* _What is needed_:
Transcribe the lines from the start of the data below through the line with "Gestion thermique dans", word for word and nothing more.

* _Given data_:
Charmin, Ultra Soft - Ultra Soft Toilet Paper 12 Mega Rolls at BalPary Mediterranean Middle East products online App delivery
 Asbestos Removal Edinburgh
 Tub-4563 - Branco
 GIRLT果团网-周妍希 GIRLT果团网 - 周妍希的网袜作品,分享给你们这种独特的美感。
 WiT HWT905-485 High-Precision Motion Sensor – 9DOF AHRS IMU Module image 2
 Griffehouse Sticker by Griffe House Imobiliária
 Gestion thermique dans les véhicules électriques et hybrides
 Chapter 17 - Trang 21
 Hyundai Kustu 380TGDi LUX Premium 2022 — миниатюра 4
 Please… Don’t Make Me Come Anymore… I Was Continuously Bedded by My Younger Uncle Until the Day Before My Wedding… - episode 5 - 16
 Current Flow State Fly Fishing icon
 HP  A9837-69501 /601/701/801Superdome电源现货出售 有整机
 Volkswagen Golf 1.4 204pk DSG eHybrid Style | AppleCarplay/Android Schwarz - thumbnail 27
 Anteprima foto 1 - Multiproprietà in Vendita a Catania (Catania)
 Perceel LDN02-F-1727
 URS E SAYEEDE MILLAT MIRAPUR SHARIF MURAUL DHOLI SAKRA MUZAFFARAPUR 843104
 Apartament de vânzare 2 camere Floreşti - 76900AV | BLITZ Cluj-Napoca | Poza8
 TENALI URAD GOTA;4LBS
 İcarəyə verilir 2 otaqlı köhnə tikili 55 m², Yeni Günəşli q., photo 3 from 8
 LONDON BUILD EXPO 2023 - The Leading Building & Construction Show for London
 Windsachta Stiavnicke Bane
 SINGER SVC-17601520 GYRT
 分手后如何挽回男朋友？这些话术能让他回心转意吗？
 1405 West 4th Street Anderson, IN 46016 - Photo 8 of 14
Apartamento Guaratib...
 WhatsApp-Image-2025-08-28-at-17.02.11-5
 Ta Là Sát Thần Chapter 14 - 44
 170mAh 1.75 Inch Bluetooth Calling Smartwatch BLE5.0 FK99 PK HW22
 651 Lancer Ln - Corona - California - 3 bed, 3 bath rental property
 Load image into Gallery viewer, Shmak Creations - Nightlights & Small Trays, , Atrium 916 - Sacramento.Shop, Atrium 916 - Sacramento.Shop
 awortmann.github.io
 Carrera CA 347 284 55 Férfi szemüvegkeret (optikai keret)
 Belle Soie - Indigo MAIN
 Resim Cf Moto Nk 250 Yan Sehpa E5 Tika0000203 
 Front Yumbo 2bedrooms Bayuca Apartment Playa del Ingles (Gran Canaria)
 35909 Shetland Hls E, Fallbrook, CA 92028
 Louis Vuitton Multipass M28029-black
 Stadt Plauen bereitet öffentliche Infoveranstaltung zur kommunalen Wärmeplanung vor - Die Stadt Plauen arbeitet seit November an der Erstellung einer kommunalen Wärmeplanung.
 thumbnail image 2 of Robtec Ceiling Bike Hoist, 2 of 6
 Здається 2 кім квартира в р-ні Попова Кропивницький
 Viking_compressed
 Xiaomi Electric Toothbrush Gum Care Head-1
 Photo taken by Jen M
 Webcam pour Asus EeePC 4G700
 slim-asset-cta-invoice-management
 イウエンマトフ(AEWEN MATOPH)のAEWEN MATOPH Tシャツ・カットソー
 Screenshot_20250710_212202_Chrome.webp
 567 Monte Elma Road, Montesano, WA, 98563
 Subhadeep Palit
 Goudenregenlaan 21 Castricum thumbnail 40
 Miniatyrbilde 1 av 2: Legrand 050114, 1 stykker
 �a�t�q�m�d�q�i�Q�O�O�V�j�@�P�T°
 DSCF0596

* _Output of the task_:
Charmin, Ultra Soft - Ultra Soft Toilet Paper 12 Mega Rolls at BalPary Mediterranean Middle East products online App delivery
 Asbestos Removal Edinburgh
 Tub-4563 - Branco
 GIRLT果团网-周妍希 GIRLT果团网 - 周妍希的网袜作品,分享给你们这种独特的美感。
 WiT HWT905-485 High-Precision Motion Sensor – 9DOF AHRS IMU Module image 2
 Griffehouse Sticker by Griffe House Imobiliária
 Gestion thermique dans les véhicules électriques et hybrides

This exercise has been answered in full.